Quantum Communication Complexity of Classical Auctions
Aviad Rubinstein, Zixin Zhou
TL;DR
This work investigates how quantum communication can change the revenue-maximizing auction problem under incentive compatibility. It develops a quantum auction framework that generalizes classical randomized protocols and proves two main threads: (i) for unit-demand and combinatorial valuations, there exist IC quantum protocols achieving near-optimal revenue with exponentially less expected communication than classical methods, albeit sometimes at the cost of requiring exponentially large payments; and (ii) for a two-item additive setting, there are stark separations showing quantum advantages in worst-case communication, including one-way quantum protocols achieving optimal revenue where finite classical or one-way quantum protocols cannot, as well as barely-interactive protocols. The results reveal a rich landscape where quantum and incentive constraints interact in ways that cannot be explained by standard quantum communication limits, and they establish both powerful speed-ups and fundamental limitations (e.g., when payments are bounded or when protocol rounds are finite). Overall, the paper highlights how careful encodings of distributions and spot-check verification enable efficient, incentive-compatible quantum mechanisms, advancing our understanding of quantum-cooperative communication in economic settings. These findings open avenues for exploring quantum-enabled mechanism design beyond traditional classical confines, with implications for secure, efficient auction design under strategic behavior.
Abstract
We study the fundamental, classical mechanism design problem of single-buyer multi-item Bayesian revenue-maximizing auctions under the lens of communication complexity between the buyer and the seller.
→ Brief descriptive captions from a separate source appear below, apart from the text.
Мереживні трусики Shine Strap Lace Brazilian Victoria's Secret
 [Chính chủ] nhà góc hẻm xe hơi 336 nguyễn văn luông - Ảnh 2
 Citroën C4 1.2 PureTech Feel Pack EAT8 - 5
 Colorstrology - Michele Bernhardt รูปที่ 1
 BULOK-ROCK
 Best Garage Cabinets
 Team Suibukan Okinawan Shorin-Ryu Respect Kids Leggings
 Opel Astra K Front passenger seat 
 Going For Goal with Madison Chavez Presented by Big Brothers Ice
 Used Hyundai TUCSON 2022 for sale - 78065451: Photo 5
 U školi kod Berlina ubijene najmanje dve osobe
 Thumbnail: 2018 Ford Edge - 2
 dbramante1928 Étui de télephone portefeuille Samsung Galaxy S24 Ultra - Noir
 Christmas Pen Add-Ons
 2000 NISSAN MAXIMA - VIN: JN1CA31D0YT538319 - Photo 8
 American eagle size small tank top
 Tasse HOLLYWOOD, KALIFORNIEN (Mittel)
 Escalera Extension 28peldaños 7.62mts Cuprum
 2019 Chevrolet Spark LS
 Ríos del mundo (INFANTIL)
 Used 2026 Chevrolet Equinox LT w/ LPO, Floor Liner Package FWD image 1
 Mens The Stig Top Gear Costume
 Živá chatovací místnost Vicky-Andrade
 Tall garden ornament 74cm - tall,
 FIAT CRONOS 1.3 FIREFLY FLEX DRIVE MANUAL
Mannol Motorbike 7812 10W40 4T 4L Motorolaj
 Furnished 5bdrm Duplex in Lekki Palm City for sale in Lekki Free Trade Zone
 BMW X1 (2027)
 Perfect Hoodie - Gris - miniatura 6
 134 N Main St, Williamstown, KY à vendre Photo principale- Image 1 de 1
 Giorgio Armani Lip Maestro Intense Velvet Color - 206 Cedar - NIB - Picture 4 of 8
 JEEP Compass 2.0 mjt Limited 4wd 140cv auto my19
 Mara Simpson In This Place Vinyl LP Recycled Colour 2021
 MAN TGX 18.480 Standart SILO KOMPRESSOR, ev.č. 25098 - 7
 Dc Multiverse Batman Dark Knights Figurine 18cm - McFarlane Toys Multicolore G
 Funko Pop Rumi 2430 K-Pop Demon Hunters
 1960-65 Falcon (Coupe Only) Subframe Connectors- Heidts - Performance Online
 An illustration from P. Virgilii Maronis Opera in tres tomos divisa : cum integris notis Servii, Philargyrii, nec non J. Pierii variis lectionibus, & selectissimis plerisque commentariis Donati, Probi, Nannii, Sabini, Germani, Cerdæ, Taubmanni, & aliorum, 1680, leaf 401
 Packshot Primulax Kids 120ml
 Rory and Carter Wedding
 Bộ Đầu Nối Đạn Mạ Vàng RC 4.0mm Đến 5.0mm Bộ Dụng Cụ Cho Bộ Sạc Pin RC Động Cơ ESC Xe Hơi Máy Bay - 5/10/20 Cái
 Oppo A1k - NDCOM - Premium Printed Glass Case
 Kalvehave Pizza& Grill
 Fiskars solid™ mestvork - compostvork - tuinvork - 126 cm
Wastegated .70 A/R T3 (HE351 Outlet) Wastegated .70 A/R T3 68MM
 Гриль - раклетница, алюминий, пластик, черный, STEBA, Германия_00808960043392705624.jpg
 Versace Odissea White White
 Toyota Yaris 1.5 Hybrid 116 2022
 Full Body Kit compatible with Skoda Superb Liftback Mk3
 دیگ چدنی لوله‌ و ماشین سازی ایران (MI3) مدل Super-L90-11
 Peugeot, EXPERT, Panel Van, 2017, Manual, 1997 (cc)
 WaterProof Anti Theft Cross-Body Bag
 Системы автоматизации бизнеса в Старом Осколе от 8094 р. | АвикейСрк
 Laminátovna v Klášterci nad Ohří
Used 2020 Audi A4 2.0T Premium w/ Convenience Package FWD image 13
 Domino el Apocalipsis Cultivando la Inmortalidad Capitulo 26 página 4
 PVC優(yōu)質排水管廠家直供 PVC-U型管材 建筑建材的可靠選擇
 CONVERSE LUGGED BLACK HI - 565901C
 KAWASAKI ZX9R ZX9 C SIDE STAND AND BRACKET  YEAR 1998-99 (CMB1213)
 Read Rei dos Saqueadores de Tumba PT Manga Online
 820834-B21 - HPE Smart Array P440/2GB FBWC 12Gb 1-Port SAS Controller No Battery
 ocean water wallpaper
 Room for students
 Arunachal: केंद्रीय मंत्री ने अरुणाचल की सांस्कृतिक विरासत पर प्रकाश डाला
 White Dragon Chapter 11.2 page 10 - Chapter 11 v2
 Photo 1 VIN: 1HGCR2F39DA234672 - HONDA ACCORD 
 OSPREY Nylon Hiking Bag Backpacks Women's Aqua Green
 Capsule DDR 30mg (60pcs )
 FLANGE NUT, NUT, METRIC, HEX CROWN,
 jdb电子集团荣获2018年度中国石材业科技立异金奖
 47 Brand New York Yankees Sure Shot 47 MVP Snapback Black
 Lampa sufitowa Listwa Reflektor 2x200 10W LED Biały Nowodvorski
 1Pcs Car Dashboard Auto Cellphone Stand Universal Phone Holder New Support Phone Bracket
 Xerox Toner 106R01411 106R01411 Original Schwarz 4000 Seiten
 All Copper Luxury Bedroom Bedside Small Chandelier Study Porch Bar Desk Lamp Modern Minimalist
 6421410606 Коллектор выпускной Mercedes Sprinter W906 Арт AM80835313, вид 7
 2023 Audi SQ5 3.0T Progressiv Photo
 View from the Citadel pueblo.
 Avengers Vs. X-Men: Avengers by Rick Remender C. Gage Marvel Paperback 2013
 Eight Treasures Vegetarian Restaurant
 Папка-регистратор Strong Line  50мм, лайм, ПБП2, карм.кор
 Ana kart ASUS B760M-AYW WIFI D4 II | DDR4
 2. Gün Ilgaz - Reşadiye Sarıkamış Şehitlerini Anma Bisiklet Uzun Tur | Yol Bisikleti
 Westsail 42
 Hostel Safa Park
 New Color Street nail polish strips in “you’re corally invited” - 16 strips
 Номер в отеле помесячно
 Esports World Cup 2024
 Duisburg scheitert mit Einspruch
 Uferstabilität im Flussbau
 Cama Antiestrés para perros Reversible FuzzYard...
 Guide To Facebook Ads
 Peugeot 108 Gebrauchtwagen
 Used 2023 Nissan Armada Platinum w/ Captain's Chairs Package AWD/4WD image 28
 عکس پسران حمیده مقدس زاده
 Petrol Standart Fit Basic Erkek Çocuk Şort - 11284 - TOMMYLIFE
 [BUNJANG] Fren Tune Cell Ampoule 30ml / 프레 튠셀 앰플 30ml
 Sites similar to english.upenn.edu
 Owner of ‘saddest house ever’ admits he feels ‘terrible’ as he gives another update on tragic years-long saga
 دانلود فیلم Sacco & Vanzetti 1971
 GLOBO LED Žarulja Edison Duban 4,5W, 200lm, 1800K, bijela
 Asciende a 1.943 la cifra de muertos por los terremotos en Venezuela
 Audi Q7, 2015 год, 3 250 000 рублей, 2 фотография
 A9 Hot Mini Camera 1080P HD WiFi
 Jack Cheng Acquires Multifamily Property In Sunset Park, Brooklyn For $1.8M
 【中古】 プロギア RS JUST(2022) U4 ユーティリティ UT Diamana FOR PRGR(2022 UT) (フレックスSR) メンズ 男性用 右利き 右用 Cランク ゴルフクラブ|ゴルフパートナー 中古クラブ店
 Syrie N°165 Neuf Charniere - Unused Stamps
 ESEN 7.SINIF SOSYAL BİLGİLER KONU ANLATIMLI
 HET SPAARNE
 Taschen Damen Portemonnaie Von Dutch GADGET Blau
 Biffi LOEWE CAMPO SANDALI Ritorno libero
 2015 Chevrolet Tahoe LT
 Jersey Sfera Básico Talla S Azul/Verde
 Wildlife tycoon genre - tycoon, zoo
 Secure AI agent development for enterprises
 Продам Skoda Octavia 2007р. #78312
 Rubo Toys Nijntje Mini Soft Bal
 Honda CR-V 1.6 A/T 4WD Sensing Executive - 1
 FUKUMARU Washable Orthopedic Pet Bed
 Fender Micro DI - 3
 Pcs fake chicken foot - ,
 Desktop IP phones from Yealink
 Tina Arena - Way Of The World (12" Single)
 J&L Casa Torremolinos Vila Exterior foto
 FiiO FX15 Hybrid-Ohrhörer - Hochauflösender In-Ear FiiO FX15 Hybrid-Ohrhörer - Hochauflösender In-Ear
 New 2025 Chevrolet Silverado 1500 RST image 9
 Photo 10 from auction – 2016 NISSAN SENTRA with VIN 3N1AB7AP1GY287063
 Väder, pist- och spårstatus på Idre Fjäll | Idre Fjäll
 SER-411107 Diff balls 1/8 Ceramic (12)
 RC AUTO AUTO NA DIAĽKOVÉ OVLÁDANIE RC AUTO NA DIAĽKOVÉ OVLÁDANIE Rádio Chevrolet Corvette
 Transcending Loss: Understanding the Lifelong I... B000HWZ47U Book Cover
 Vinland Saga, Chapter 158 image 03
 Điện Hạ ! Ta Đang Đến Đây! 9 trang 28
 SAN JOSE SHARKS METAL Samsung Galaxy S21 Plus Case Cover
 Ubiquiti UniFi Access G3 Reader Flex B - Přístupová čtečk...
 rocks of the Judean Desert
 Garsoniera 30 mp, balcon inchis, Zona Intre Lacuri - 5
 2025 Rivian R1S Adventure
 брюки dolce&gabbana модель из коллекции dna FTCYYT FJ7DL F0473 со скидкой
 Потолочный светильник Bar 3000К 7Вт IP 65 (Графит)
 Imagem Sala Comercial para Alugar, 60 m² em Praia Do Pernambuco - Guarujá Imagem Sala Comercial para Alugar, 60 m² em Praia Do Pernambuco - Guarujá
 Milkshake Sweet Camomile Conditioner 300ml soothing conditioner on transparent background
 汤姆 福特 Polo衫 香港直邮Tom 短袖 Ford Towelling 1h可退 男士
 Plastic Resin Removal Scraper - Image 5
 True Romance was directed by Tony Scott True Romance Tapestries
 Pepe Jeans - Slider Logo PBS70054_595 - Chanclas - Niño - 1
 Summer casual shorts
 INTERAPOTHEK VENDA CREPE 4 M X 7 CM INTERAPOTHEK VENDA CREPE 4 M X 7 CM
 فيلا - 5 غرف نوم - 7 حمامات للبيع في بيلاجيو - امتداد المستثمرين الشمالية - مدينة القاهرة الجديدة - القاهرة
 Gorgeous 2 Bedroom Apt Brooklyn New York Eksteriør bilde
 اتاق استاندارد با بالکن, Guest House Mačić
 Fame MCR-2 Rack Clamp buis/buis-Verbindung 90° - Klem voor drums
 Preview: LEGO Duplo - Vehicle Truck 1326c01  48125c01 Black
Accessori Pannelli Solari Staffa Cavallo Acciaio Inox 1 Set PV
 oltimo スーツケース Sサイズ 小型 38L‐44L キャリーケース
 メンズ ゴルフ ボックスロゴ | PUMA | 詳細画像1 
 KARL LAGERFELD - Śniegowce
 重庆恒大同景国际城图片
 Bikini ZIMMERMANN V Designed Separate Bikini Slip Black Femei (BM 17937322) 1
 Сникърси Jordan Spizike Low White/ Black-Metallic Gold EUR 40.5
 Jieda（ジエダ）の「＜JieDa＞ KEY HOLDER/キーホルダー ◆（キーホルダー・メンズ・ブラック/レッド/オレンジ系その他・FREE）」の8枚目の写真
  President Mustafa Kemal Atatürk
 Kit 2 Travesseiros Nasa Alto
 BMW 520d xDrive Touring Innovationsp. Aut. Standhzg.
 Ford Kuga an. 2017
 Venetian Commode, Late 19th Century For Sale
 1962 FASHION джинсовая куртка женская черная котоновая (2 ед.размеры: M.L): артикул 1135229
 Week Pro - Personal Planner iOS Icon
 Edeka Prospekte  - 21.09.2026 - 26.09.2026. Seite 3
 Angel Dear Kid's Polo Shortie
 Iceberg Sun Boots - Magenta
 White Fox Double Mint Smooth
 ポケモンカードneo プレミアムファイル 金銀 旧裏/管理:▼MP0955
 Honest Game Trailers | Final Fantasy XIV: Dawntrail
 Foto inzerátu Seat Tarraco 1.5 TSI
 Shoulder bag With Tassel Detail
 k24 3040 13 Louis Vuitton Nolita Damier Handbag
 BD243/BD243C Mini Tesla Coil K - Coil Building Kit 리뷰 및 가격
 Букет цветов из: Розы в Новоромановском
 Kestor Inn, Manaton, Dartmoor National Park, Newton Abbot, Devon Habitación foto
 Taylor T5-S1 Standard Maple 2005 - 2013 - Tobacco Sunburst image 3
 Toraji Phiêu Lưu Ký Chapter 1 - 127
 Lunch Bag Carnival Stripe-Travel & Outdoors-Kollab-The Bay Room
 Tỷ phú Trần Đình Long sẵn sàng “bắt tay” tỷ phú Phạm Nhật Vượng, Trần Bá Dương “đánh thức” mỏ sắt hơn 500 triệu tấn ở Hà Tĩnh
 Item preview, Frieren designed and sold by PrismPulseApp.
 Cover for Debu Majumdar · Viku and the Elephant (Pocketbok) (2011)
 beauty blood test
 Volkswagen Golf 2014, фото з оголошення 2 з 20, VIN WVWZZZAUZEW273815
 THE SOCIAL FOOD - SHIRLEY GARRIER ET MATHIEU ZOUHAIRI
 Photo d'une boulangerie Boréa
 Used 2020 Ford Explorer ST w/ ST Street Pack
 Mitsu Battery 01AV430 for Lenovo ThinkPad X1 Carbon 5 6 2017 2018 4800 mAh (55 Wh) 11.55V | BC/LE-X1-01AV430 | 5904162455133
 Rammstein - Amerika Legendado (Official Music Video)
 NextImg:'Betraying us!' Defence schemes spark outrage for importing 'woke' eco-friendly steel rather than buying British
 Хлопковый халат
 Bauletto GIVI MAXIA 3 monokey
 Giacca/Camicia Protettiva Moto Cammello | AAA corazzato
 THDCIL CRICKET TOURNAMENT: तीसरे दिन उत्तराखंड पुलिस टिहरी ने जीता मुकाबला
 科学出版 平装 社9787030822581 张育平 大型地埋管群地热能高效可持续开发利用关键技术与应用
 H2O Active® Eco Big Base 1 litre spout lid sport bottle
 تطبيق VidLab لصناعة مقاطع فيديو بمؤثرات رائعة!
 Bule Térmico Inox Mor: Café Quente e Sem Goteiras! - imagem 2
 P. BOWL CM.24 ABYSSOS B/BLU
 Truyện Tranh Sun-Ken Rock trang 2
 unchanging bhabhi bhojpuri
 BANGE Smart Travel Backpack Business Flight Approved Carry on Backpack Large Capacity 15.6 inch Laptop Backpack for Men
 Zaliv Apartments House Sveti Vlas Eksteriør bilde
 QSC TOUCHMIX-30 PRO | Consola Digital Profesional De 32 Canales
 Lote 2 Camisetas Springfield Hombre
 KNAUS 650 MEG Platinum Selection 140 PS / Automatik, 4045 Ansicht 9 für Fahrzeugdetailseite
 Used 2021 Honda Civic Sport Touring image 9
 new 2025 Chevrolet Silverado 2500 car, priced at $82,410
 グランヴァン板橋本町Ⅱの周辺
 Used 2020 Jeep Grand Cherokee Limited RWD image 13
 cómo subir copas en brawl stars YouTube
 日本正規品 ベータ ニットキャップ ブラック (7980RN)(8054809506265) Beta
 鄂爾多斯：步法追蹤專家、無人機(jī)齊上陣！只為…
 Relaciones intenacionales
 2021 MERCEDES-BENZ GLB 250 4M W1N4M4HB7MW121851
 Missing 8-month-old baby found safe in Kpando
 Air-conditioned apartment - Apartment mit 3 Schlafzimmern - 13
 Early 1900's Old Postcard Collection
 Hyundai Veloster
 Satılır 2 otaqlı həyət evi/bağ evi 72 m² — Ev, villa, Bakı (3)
Specifically, we ask whether using quantum communication can be more efficient than classical communication. We have two sets of results, revealing a surprisingly rich landscape - which looks quite different from both quantum communication in non-strategic parties, and classical communication in mechanism design. We first study the expected communication complexity of approximately optimal auctions. We give quantum auction protocols for buyers with unit-demand or combinatorial valuations that obtain an arbitrarily good approximation of the optimal revenue while running in exponentially more efficient communication compared to classical approximately optimal auctions. However, these auctions come with the caveat that they may require the seller to charge exponentially large payments from a deviating buyer. We show that this caveat is necessary - we give an exponential lower bound on the product of the expected quantum communication and the maximum payment. We then study the worst-case communication complexity of exactly optimal auctions in an extremely simple setting: additive buyer's valuations over two items. We show the following separations: 1. There exists a prior where the optimal classical auction protocol requires infinitely many bits, but a one-way message of 1 qubit and 2 classical bits suffices. 2. There exists a prior where no finite one-way quantum auction protocol can obtain the optimal revenue. However, there is a barely-interactive revenue-optimal quantum auction protocol. 3. There exists a prior where no multi-round quantum auction protocol with a finite bound on communication complexity can obtain the optimal revenue.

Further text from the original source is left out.